2. Should we be taking him to the next level of obedience training now or is it too early?
There is no such thing as EARLY for obedience, always the earlier the better and the easier for you in the future. And try to make the sessions fun because they will love you for it when they grow and they will be happy and excited for the next session, don't forget he is still a puppy.

3. Would he be better in a group class or one on one training?
I normally prefer the group class but there are some pups with a very distractive personality and these pups will have to do some basic obedience classes on ONE-ON-ONE.

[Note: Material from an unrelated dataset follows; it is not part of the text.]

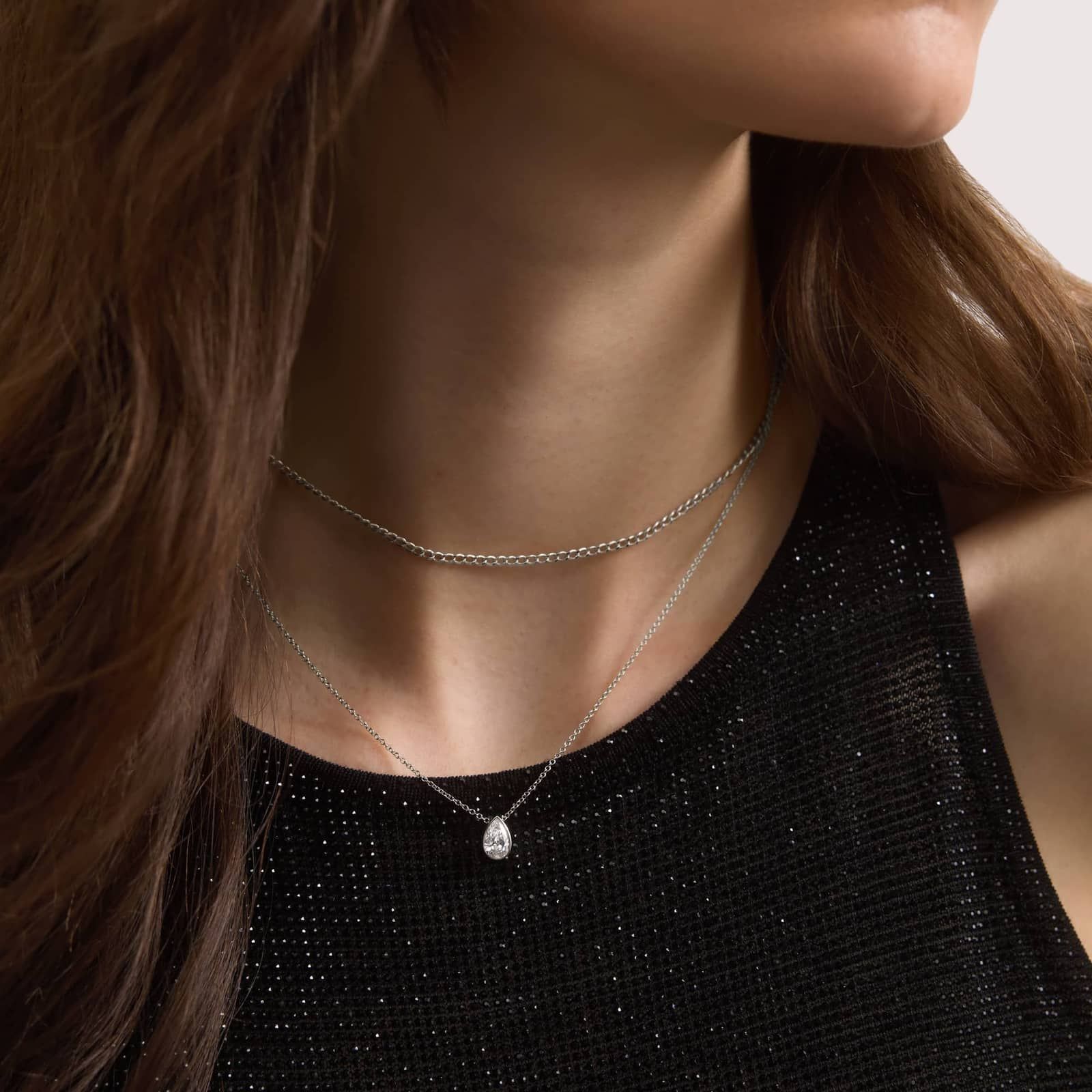 Bezel Solitaire Pendant Necklace With 0.75 CTW Pear Shaped Diamond in 14K White Gold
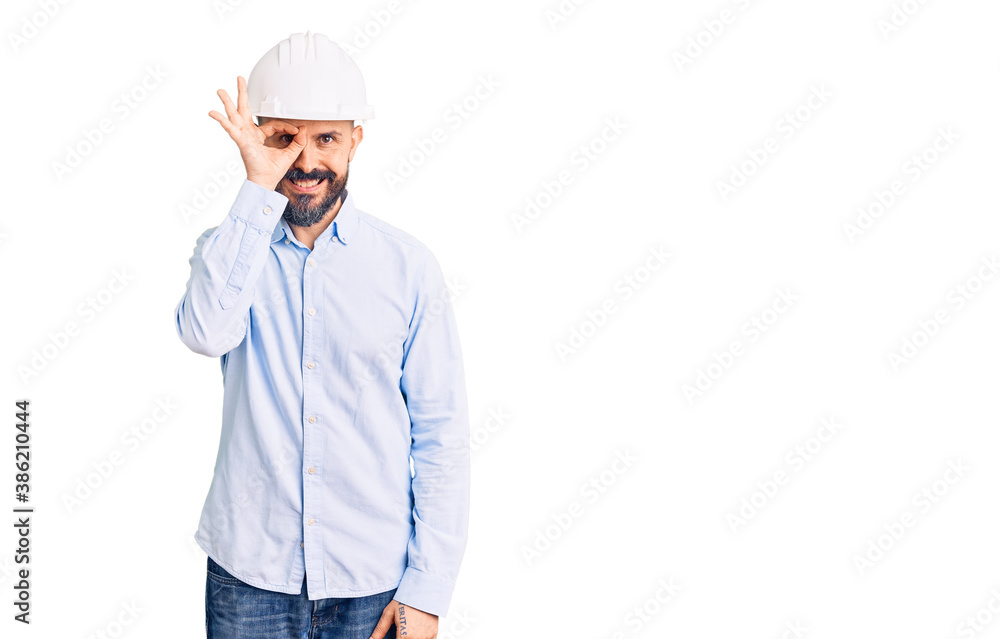 Young handsome man wearing architect hardhat doing ok gesture with hand smiling, eye looking through fingers with happy face. Young handsome man wearing architect hardhat doing ok gesture with hand smiling, eye looking through fingers with happy face.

4. Does this sound like normal adolescent puppy behaviour or a more serious behavourial issue?
I think it's very normal for the pup to go through this stage as it shows that their caracted and personality is starting to build up and shows you that the pup is starting to gain confidence and comfort in stayng at your home. Don't worry nothing to worry about except if you don't correct such behaviour as soon as you can.

Good luck with your pup, he will be a wonderful dog when he grows up. Keep us posted


----------



## jamesanddean (Dec 18, 2007)

Thanks for all your advice. I have taken a different approach over the last 48 hours with more of a positive training approach rather than a reprimand for bad behaviour when it happens and it seems to be working well. 

Although it is only early days I can already see a slight difference in his behaviour and attitude towards and he seems to want to be more eager to please. At the end of the day he is just a 4.5 month old puppy and I have to remember that (his is also our first dog!). I just want to ensure that we nip any bad behaviour in the bud.

You assume you are the only one this has happened to so it is great to hear advice from the experts out there.

Thanks


----------



## BeauShel (May 20, 2007)

Glad to hear that it is working now for you. sounds like you have a smart boy.


----------